A brand is a shortcut for a collection of experiences and expectations, good or bad. The ability of a brand to deliver (or not) on the promises of engaging with the brand dictates how we decide to choose (or not) a particular brand. Without customers, there is no business. It costs more to acquire customers than to keep them. Remember that. It is too easy for customers to brand switch to a competitor and one way to make your customer relationships stick is though a loyalty program. Creating loyal customers should be a priority for all businesses. Is it yours? What is required is an effort to drive positive word-of-mouth, a renewed commitment to fulfilling the brand promise, delivering on brand experiences and exceeding customer expectations. This is the only way a business can expect to create loyal customers, brand advocates who sell for you in this socially influenced digital society. It is a competitive advantage that leads to long term sustainable revenues. For retail, travel and restaurants, customer loyalty programs are critical to stay competitive given they are so widespread in these sectors. Although not launched yet, Groupon Rewards is designed to work with Groupon’s merchants to convert daily deal customers into loyal customers. While success will depend on the merchant’s product and service, Groupon are now focusing on delivering on their brand promise of being an effective marketing tool for small businesses.

8. Reinvent yourself

The daily deal market matured quickly, low barriers to entry, high competition and an unproven business model resulted in the declined demand for and growth of Groupon’s core product. Groupon had to reinvent themselves, it was adapt or die. Since firing the founder and CEO, Groupon have strategically acquired or partnered with companies to provide services that are of value to both their merchants and subscribers. Too early to tell perhaps but this new strategy which sees Groupon repositioning and effectively re-branding themselves from a daily deals company to a mobile company is increasing Groupon’s revenues. Change is the only constant. How is your business responding to advances in technology, changes in consumer behaviour and the rise in expectiations and demands from the market?

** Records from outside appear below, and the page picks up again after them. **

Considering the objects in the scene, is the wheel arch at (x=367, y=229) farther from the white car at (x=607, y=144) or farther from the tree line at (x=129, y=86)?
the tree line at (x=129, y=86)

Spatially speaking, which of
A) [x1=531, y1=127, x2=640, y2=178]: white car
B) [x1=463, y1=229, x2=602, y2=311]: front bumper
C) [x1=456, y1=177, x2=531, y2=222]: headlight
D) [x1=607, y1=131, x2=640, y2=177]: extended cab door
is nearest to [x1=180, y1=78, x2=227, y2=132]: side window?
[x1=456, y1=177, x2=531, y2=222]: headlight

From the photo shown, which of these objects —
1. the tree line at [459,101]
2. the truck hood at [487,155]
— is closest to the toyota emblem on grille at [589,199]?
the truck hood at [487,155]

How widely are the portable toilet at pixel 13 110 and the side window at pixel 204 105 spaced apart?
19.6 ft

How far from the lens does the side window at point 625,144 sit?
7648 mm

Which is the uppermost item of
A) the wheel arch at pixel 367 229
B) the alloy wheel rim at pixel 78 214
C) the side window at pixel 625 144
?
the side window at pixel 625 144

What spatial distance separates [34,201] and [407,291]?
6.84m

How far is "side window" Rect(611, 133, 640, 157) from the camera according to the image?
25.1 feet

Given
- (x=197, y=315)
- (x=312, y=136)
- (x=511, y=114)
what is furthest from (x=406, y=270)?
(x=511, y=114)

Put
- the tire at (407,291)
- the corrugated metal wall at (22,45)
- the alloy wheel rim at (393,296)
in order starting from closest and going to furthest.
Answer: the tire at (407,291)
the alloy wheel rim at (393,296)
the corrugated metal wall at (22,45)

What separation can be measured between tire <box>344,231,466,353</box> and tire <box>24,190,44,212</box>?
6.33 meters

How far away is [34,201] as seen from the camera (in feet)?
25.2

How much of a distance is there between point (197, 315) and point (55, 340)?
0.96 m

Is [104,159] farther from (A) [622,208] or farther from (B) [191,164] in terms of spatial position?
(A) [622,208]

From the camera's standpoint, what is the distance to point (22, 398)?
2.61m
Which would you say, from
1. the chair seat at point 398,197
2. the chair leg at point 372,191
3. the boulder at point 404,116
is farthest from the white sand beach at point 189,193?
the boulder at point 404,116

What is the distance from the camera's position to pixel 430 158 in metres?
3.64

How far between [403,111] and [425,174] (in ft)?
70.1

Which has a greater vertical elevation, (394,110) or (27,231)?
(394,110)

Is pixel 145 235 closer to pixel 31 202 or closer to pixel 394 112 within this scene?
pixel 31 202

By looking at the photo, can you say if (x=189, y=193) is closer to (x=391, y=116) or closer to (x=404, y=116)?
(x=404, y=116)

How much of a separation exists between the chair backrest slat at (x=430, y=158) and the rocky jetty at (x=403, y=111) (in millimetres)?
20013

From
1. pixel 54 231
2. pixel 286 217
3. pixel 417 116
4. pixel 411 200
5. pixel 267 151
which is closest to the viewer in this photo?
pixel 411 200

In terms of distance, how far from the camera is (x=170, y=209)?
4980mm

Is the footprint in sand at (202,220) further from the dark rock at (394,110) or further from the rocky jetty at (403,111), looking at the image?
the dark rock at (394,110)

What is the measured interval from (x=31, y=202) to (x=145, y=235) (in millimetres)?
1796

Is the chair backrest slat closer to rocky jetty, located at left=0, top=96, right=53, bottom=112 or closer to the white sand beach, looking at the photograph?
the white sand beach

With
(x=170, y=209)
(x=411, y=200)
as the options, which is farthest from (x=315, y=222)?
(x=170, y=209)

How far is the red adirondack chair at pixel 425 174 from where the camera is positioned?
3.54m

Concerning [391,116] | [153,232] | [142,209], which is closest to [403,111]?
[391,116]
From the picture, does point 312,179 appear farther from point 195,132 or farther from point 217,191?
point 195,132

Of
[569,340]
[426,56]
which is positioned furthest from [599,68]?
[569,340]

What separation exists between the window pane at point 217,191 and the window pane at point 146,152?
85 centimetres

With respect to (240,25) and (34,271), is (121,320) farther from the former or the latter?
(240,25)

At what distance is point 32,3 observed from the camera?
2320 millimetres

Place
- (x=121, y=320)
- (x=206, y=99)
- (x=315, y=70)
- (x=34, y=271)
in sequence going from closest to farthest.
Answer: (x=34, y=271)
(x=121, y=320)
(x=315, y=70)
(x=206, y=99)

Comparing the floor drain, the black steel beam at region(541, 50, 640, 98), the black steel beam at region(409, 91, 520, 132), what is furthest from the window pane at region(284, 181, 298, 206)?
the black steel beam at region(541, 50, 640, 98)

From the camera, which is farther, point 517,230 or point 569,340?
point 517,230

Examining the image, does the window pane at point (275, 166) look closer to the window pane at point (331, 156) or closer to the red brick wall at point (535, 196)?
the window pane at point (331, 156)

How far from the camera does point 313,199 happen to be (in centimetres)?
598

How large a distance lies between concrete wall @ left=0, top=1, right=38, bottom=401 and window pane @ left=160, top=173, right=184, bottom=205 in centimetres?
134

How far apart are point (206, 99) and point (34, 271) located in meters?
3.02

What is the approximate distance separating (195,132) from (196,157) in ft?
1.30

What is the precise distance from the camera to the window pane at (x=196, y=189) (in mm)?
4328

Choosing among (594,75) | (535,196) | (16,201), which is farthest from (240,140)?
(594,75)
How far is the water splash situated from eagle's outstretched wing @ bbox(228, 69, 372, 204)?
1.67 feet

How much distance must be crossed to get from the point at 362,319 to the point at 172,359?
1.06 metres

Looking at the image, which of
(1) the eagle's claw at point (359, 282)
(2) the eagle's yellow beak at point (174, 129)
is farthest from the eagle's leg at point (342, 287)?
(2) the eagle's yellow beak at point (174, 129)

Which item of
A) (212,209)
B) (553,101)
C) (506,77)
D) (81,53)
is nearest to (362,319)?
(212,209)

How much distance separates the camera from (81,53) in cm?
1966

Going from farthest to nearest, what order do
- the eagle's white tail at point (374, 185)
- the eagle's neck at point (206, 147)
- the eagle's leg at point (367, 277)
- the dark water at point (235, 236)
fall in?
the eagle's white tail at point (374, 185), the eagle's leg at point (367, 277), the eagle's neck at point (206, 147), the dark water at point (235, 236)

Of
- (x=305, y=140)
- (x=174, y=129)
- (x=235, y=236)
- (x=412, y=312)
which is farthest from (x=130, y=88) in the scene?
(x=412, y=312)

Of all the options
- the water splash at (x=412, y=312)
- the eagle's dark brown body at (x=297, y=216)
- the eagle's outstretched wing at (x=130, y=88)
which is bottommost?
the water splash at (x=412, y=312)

9. Leverage existing relationships

Groupon Payments leverages Groupon’s existing merchant relationships to offer a discounted payment solution via scale for local commerce. Groupon now rather than screw small businesses over, wants to save them money and provide them with a better payment processing experience. They already have a large network of merchants through their daily deal advertising relationships, watch this space as Groupon capitalizes on the groundwork they’ve already laid to offer more business solutions to merchants. How could your business leverage existing relationships to create additional revenues?

10. Final word. Strategy

The future is mobile and these strategic acquisitions additionally have enabled Groupon to acquire the talent necessary for their mobile development team. While Groupon is not venturing into new territory by any means, the combination of Groupon’s products deliver on the brands promise. Groupon are connecting businesses with people, the discovery process increasingly more mobile and personalized and this is creating a competitive advantage for Groupon that is hard to imitate. Combining their scale with higher value differentiated platforms that connect people and businesses in more meaningful ways. Businesses who fail to adapt to changing consumer behaviors and technologies will not survive. What is your strategy?